Other pairings are equally clever and thoughtful. Rinko Kawauchi reconsiders Sally Mann’s images of her children, with her own ephemeral, atmospheric shots of kids: boys swimming, a splash of water, a baby behind a curtain, the soft sunlight streaming down behind a young girl. Penelope Umbrico dives into images of mountains made masters of the medium, and then reworks them using her iPhone, creating a candy colored array of the very same mountains, somehow made less imposing by tints, tiling, and reorientations. And Doug Rickard parrots Stephen Shore’s own postcard idea back at him, discovering his own 1970s era postcards of motels, cars, and restaurants, and then further tuning them to accent the saturated yellow palette of the times; they’re a smart homage, using Rickard’s own affinity for found imagery.

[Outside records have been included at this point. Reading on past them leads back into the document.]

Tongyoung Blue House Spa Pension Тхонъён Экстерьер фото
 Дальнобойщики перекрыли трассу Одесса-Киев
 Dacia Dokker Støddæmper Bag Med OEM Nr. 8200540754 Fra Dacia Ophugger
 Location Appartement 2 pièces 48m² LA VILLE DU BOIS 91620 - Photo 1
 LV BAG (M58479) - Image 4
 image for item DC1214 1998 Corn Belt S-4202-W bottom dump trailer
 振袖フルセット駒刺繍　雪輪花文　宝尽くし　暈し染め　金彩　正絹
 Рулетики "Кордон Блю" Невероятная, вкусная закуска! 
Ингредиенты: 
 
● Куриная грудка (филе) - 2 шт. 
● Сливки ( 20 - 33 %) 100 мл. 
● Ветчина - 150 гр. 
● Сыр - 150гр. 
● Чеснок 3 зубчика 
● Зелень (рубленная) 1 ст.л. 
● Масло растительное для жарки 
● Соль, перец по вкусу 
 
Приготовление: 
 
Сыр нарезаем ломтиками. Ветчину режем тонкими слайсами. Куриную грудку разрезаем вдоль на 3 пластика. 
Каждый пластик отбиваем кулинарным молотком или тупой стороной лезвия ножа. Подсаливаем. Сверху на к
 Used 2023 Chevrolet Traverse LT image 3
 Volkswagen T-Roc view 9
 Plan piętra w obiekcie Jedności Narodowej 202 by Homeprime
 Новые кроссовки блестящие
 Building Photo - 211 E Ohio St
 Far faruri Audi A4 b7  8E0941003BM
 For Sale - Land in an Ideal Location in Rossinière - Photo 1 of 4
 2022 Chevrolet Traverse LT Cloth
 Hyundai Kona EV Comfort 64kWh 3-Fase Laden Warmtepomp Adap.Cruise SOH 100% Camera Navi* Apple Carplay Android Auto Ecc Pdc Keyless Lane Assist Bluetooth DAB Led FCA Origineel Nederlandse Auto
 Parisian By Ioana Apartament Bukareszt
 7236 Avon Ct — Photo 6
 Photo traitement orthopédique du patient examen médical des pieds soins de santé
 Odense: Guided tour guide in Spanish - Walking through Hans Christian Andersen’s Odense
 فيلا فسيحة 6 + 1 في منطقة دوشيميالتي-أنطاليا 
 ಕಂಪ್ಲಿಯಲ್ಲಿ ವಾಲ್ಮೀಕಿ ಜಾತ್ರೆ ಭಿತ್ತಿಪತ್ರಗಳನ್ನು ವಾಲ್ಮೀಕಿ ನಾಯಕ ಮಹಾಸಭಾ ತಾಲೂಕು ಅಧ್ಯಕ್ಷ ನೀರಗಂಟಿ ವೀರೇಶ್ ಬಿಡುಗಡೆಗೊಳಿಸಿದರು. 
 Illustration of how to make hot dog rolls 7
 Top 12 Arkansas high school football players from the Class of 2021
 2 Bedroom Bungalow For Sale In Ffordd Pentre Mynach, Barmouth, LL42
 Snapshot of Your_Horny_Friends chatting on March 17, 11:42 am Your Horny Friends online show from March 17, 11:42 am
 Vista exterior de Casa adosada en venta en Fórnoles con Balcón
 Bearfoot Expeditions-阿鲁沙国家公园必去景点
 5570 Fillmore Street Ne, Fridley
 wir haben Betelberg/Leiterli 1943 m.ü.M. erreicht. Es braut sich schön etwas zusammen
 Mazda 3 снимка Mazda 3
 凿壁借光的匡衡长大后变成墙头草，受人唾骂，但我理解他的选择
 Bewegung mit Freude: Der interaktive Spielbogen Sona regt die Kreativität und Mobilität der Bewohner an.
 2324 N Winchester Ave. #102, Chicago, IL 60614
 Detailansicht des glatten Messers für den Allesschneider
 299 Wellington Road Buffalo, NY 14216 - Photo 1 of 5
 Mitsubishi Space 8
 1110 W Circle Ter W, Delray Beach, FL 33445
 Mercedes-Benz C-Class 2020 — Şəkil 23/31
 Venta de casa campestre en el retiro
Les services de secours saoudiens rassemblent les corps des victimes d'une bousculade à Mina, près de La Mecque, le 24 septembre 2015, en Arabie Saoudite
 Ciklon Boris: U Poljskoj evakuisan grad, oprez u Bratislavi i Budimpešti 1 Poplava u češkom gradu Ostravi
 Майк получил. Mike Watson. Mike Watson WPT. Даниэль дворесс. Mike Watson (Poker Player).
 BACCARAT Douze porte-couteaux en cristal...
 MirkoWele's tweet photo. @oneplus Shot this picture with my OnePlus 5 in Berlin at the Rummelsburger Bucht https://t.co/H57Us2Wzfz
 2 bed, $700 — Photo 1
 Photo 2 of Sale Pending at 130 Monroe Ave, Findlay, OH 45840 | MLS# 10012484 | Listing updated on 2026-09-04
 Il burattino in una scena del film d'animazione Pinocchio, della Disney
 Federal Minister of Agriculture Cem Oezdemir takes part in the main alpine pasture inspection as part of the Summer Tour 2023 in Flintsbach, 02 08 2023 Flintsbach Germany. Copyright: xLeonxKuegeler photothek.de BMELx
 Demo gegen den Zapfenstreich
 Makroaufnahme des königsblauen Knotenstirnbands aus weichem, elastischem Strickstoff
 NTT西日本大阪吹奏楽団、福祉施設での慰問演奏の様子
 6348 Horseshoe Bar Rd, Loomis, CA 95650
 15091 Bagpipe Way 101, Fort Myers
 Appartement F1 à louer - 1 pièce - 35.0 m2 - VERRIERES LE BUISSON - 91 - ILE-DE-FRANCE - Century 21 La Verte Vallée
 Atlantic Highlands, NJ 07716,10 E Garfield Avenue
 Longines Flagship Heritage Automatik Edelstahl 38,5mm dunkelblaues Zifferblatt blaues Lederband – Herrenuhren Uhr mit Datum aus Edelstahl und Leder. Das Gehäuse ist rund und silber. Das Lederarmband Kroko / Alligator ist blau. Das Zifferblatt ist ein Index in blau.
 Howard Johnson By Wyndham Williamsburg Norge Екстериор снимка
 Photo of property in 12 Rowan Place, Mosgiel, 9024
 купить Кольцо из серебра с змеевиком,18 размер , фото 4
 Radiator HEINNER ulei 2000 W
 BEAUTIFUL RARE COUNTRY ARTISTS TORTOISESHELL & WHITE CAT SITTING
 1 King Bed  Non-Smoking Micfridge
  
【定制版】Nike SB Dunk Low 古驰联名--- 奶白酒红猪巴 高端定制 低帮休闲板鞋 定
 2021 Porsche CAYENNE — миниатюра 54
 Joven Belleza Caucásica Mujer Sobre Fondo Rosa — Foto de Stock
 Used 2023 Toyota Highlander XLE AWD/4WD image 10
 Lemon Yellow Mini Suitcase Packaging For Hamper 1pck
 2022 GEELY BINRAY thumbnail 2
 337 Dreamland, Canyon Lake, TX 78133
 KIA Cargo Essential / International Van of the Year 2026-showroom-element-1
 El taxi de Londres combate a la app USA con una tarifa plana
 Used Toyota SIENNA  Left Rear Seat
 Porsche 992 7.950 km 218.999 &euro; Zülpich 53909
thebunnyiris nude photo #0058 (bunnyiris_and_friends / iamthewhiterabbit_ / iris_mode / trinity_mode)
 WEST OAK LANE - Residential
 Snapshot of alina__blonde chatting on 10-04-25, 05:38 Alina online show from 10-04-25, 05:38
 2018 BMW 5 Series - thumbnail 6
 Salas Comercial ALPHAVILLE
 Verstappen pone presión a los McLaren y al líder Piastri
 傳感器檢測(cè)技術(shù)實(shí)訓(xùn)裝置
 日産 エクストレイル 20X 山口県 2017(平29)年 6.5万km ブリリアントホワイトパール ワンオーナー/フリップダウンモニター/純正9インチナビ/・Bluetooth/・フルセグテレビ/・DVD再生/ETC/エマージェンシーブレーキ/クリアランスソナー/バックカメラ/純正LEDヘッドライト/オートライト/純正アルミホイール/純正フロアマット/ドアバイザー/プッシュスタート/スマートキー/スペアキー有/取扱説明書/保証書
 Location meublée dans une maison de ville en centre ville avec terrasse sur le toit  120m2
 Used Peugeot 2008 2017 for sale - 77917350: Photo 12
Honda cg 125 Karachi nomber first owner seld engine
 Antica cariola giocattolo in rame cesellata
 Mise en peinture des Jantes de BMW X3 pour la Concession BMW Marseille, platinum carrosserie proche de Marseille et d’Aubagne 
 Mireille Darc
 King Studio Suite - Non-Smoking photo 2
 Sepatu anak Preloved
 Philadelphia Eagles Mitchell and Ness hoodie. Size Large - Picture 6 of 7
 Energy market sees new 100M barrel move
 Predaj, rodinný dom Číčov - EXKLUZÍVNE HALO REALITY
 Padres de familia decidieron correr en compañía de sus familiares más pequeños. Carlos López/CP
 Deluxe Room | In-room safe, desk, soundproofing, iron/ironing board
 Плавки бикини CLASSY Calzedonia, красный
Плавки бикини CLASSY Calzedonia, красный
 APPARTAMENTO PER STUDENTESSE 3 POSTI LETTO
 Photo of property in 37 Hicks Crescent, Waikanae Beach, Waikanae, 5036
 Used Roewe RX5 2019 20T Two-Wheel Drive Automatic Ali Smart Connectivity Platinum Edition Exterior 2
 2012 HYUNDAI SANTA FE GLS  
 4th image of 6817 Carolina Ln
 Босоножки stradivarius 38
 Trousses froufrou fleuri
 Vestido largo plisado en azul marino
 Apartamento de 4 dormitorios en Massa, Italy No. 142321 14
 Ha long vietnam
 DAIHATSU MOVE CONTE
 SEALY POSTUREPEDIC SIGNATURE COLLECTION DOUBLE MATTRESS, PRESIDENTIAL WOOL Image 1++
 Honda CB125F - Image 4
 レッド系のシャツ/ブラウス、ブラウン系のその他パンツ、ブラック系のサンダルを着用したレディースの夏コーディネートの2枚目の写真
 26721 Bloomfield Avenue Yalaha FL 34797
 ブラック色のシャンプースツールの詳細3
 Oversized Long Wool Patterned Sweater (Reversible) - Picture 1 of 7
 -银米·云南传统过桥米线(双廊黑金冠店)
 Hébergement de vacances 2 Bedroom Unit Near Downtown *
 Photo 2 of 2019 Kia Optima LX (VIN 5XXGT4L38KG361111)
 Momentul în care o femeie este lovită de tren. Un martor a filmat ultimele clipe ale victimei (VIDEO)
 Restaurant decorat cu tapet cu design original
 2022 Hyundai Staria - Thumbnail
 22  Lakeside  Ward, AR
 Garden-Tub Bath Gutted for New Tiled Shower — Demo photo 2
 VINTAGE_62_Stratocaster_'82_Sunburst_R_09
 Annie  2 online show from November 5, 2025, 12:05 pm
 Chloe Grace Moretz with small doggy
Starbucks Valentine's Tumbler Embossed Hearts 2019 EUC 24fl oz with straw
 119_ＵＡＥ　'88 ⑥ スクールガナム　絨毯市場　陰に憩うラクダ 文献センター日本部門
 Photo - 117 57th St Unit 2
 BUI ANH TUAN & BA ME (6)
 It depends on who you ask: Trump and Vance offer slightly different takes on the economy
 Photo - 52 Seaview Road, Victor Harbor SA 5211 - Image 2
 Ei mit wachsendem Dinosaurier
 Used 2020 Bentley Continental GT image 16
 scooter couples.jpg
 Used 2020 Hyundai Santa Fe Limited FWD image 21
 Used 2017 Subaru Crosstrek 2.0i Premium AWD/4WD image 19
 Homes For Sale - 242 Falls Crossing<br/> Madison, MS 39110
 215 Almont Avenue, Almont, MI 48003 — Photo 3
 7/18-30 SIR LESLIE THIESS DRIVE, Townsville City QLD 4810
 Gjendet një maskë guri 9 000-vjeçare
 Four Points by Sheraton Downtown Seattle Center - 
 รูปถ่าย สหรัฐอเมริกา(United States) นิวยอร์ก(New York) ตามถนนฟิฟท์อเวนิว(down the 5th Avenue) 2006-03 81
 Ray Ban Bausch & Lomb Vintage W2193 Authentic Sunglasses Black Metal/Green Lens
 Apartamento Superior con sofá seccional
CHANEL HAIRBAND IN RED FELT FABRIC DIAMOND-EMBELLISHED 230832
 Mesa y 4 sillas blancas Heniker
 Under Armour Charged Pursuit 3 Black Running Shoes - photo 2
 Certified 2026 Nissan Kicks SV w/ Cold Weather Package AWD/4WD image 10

What I like best about this show is its sense of honoring without fawning, of acknowledging influence while still staying true to original thinking. If all of our remixed, reshuffled, chopped, and appropriated digital art of the future is as shrewd as most of what is on view here, we need not ever fear that photography is somehow over.
Collector’s POV: One of the consistently puzzling things about this venue is that it is always a challenge to figure out what is actually for sale. For the most part, this is a non-selling environment more like a museum, so there is hardly ever an easily accessible checklist with ready price information and image details. What is perplexing about this approach is that often at least some of the works are really for sale or there are additional prints available in the print room, so it usually takes some initiative to get the answers. In the case of this particular show, it is not at all clear whether any of the photographs are available for purchase. My assumption is that at a minimum the limited edition collaborative books are for sale, but I didn’t surface any prices, so interested collectors will need to follow up directly with Aperture or potentially with the various galleries that represent the artists.